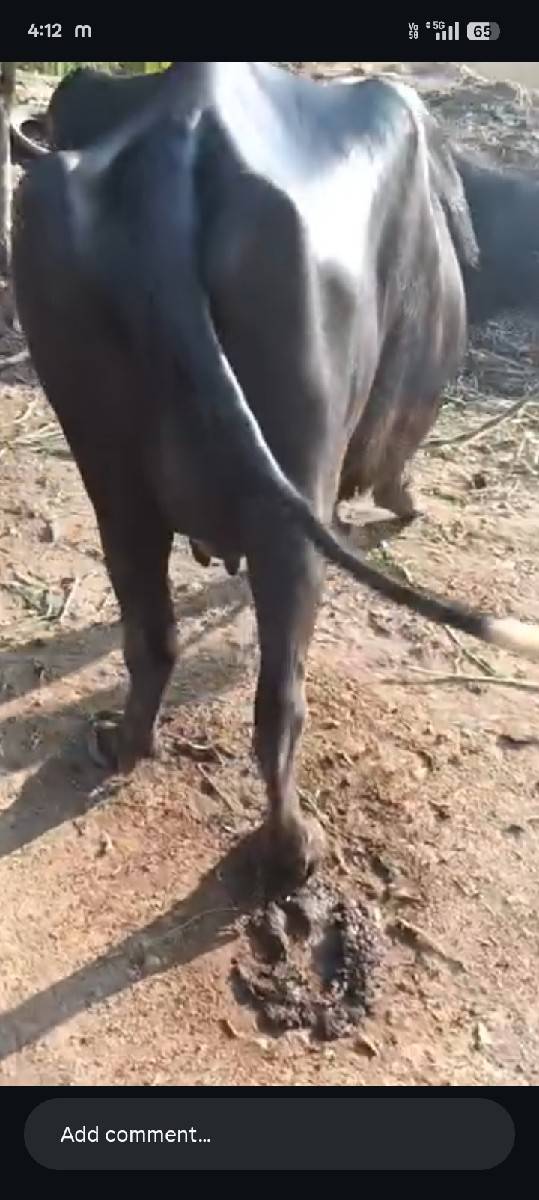 , હા ભેસ વેચવાનીસે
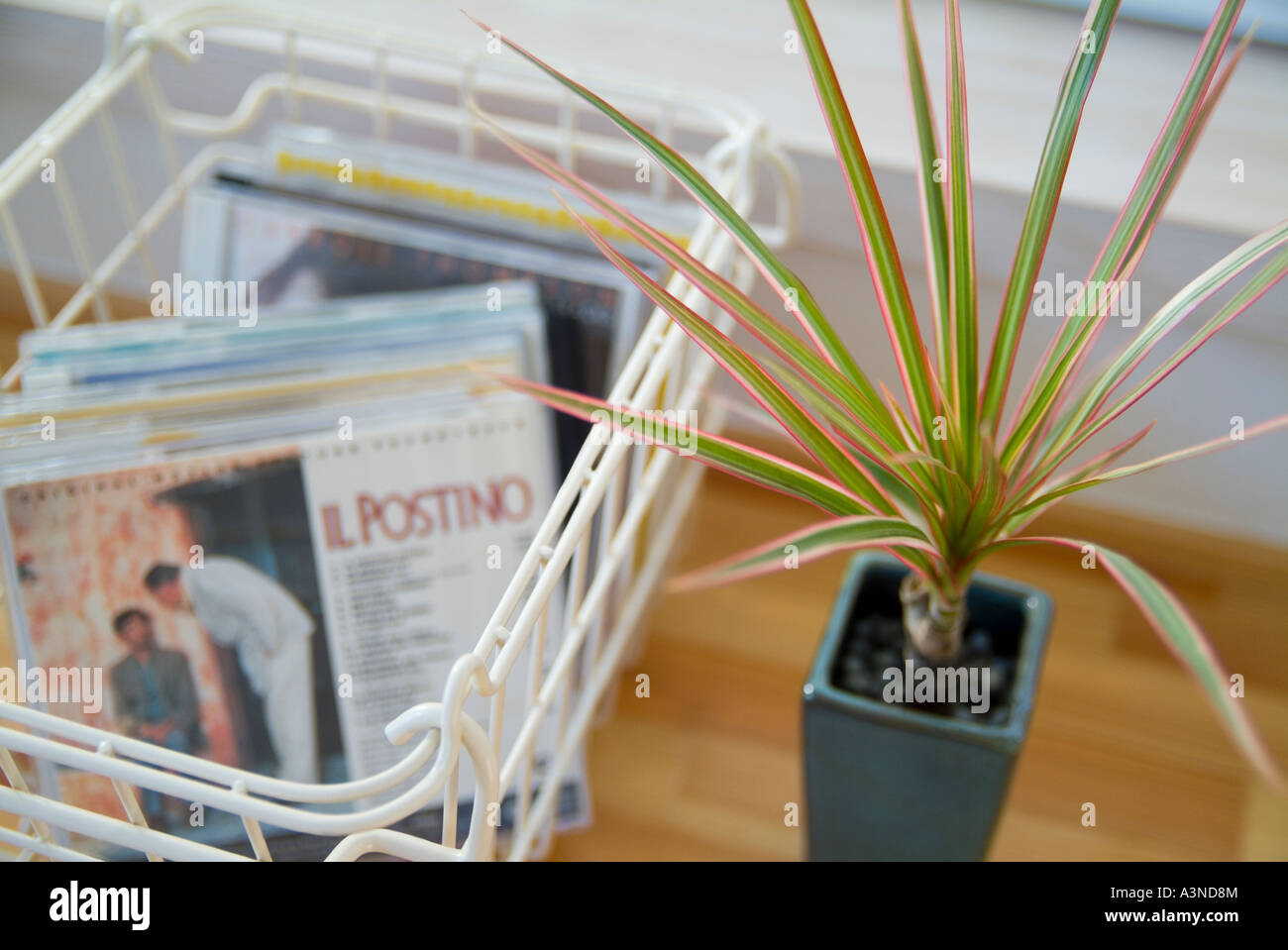 Potted plant and music CDs Stock Photo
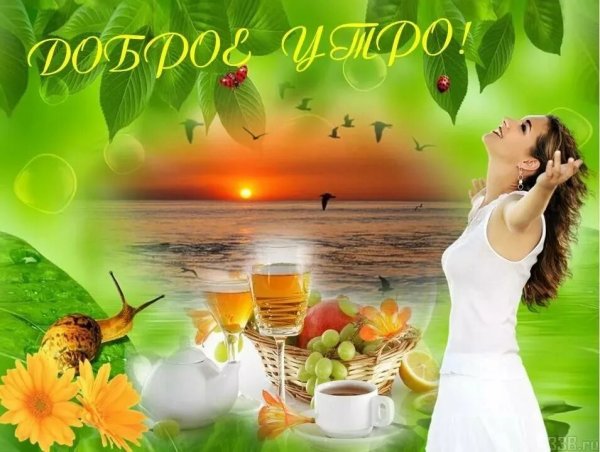 Открытки с добрым утром летние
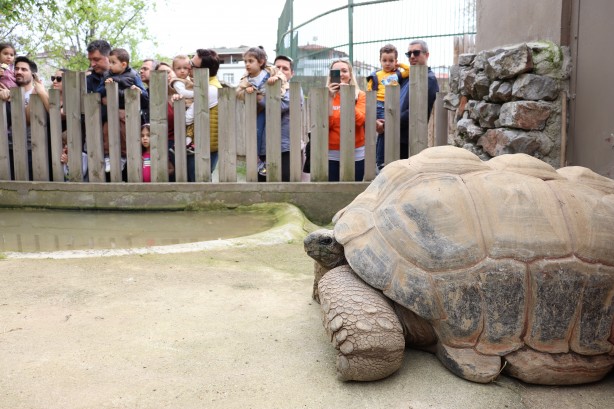 Tuki 103 yaşına girdi! En yaşlı sakini...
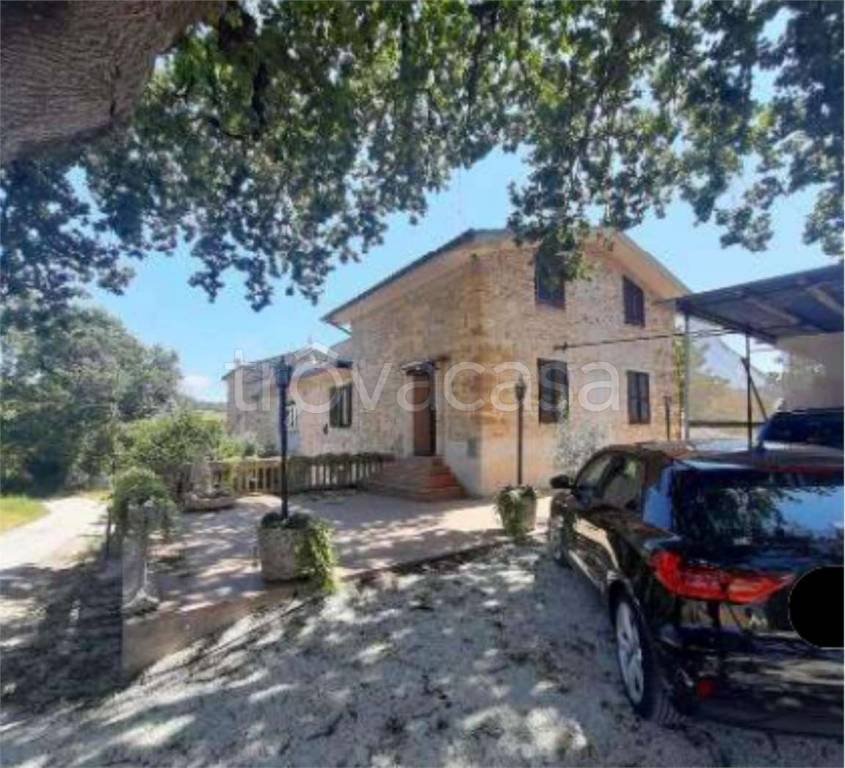 immagine annuncio 4 di 13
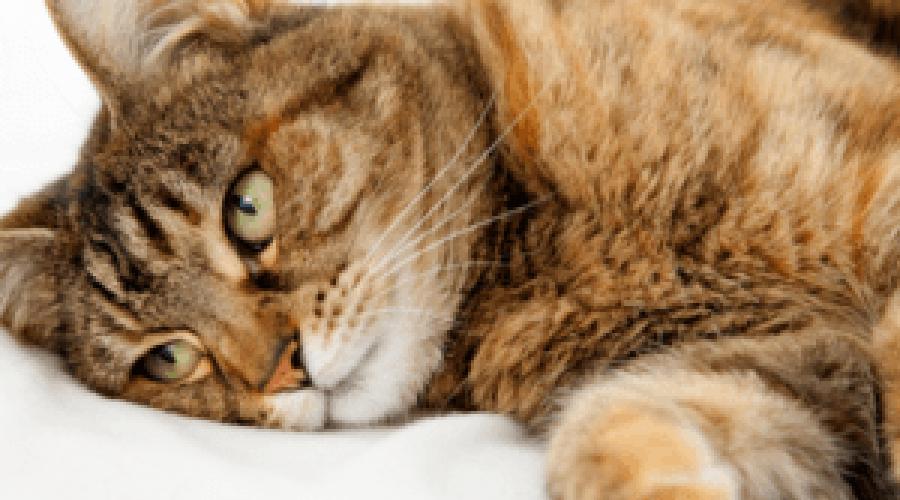 Вздутие живота у кота причины и лечение. Причины вздутия живота у кошки: почему это происходит, и как оказать помощь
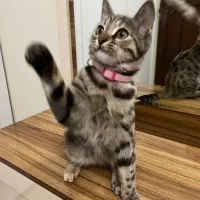 واگذاری گربه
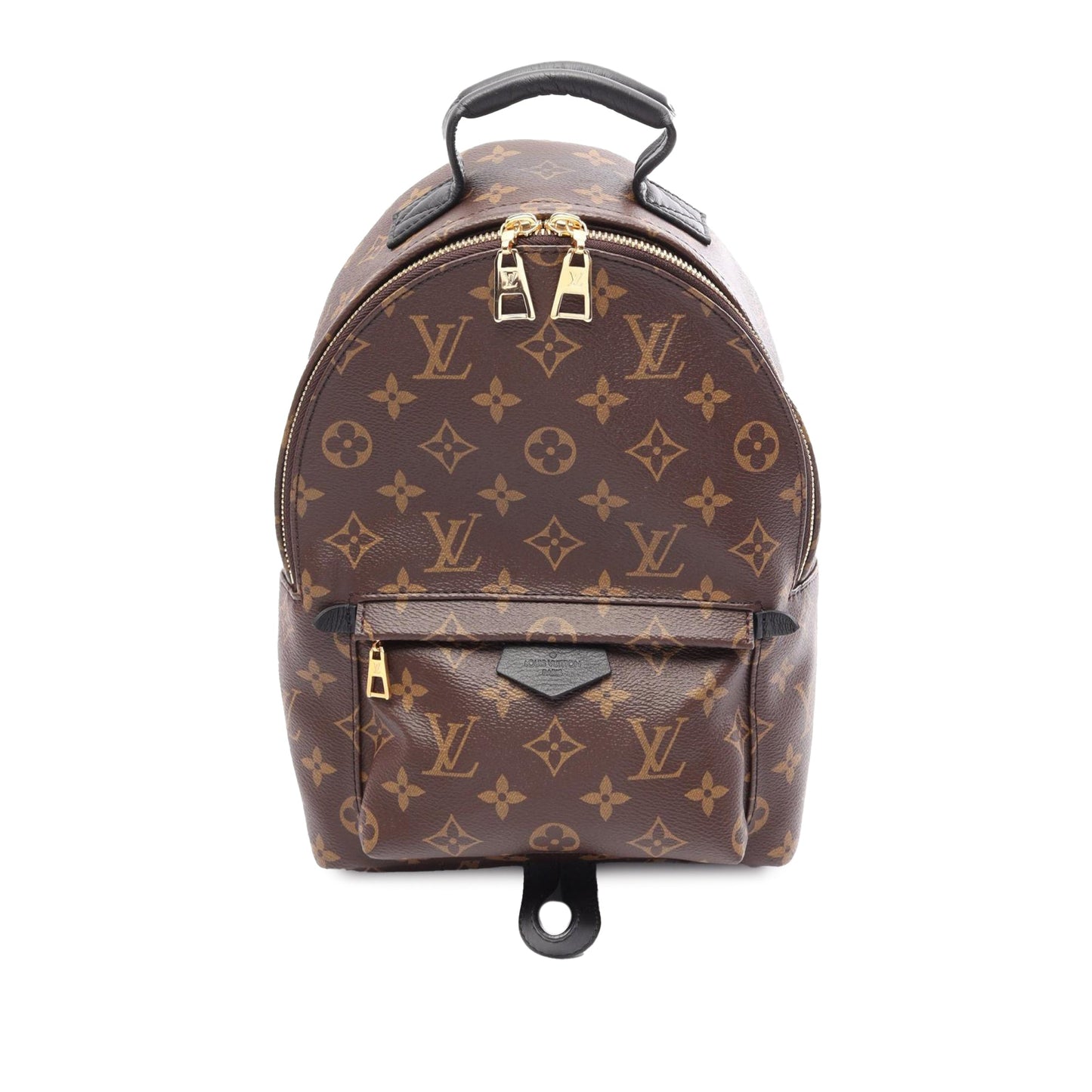 Louis Vuitton Monogram Palm Springs PM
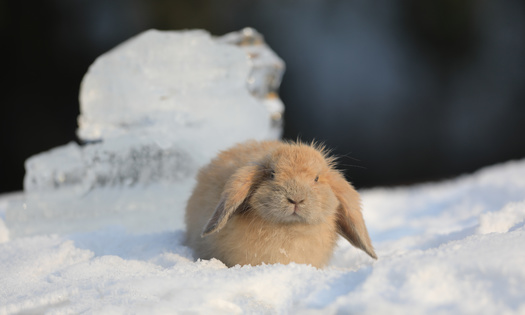 The pygmy rabbit occupies an estimated 10% of its historic range. (serikbaib/Adobe Stock)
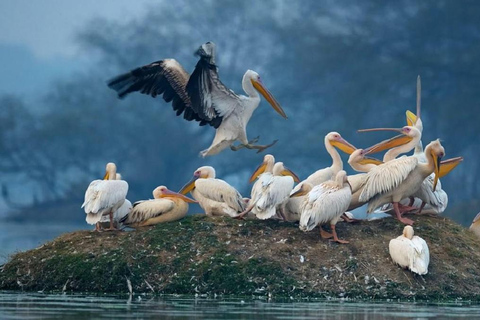 Tour de 3 días a Bharatpur y al Santuario de Vida Silvestre de Sariska desde Delhi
○ ○ ○
**ASSIGNMENT**: In the copy, no pictures are to appear; write out exactly the lines from the one containing "The pygmy rabbit" through the end of the listing above and no further lines.

**RESPONSE**:
 The pygmy rabbit occupies an estimated 10% of its historic range. (serikbaib/Adobe Stock)
 Tour de 3 días a Bharatpur y al Santuario de Vida Silvestre de Sariska desde Delhi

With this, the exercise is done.